Extracted material START

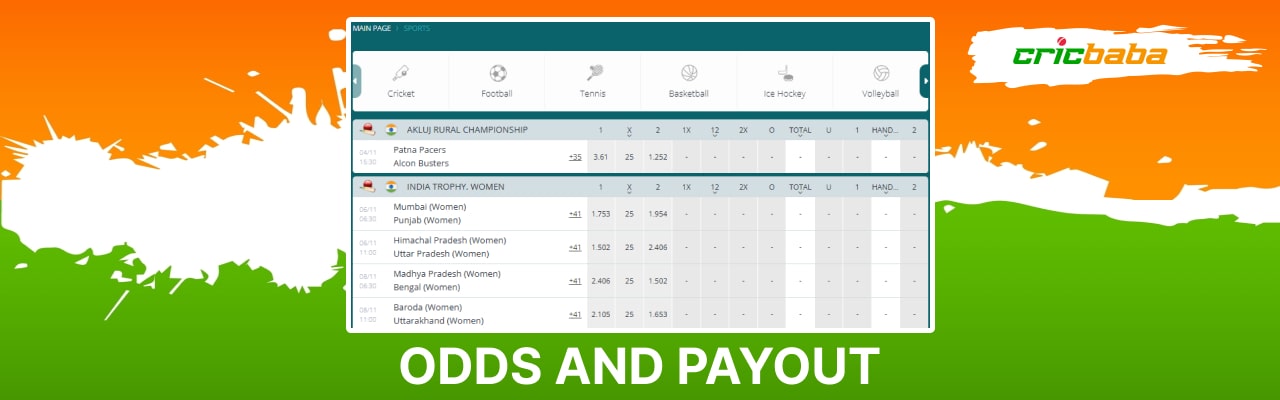 Sports bet odds and payout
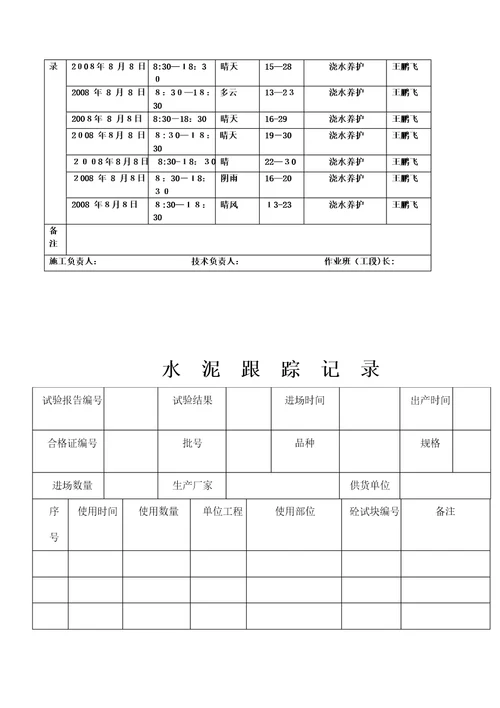 混凝土生产质量控制记录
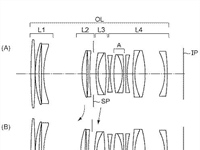 Canon Patent Application: Canon RF 85mm F1.8 and RF 100mm F2.0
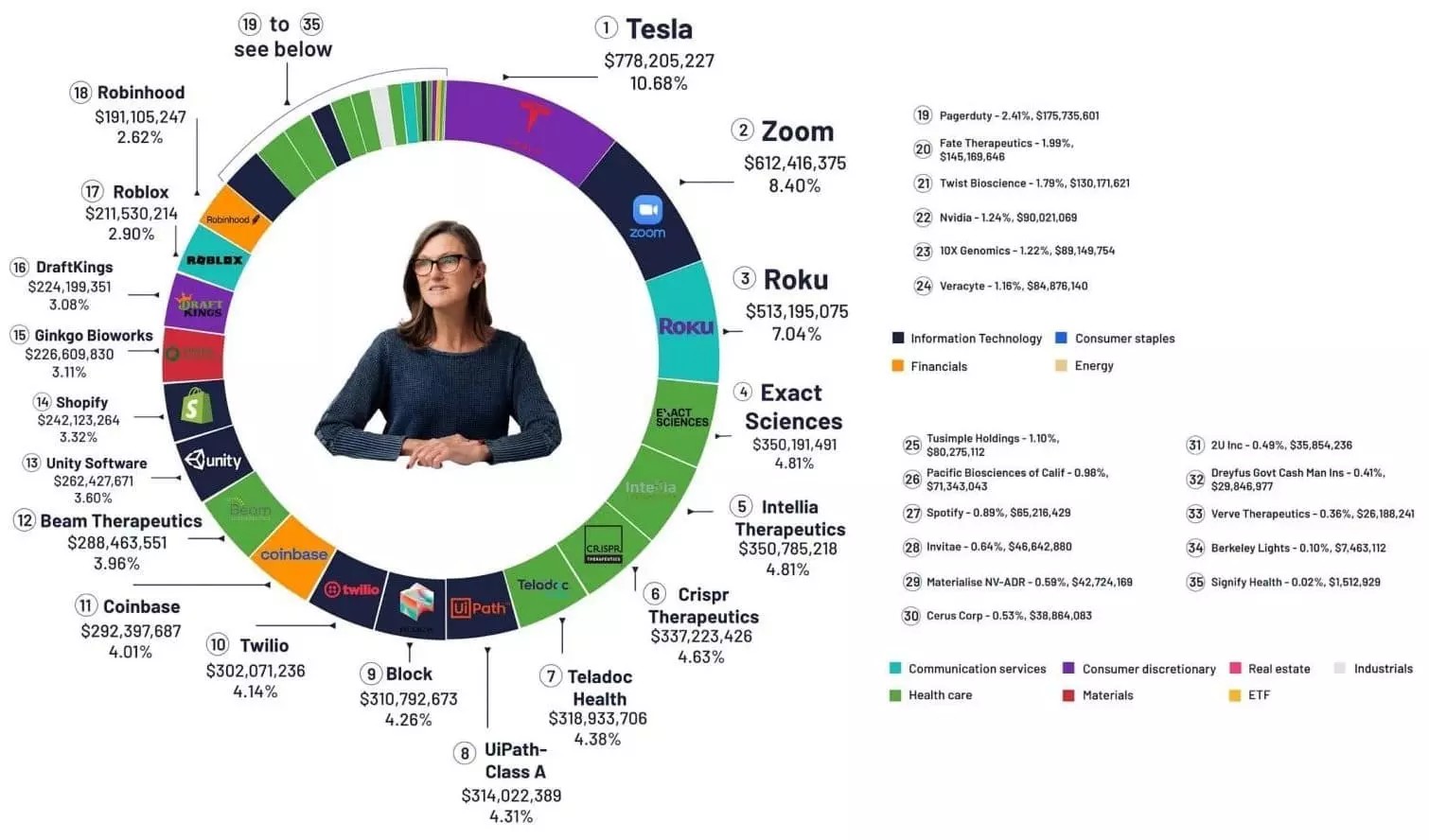 Visualization of a portfolio with a circular chart showing investments in various companies, including Tesla, Zoom, Roku, and others, categorized by industry sectors. A person is featured in the center.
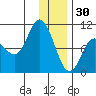Trap Point tide chart for Tuesday, December 30, 2025
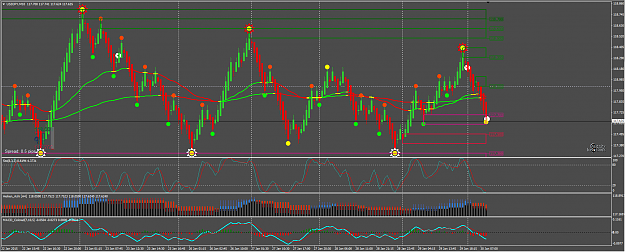 Click to Enlarge

Name: 2015-01-30 04_10_19-USDJPY,M10 (offline).png
Size: 91 KB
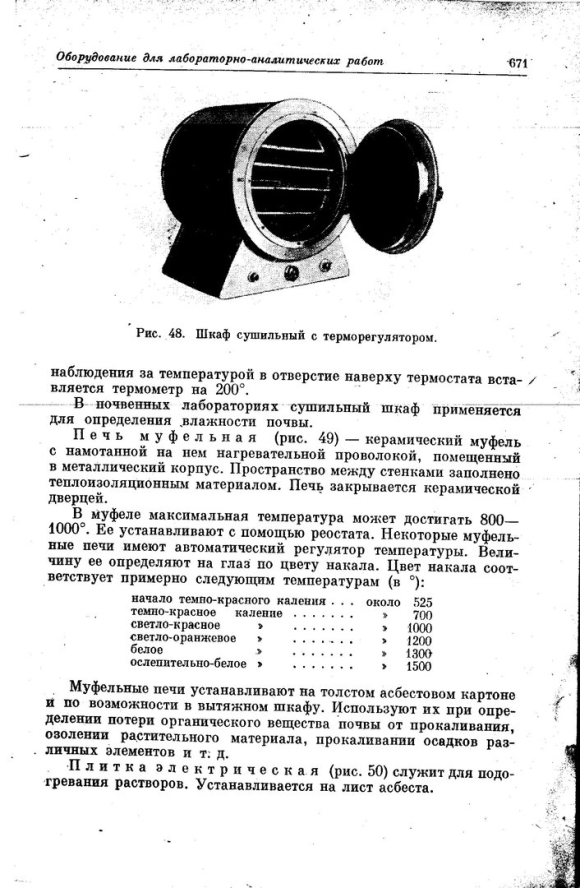 Шкаф сушильный шсу-м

Extracted material END

▶ Activity
The required response consists solely of the lines from the line containing "Trap Point tide" through the end of the listing, both ends included, copied exactly without pictures.

▶ Your response
Trap Point tide chart for Tuesday, December 30, 2025
 Click to Enlarge

Name: 2015-01-30 04_10_19-USDJPY,M10 (offline).png
Size: 91 KB
 Шкаф сушильный шсу-м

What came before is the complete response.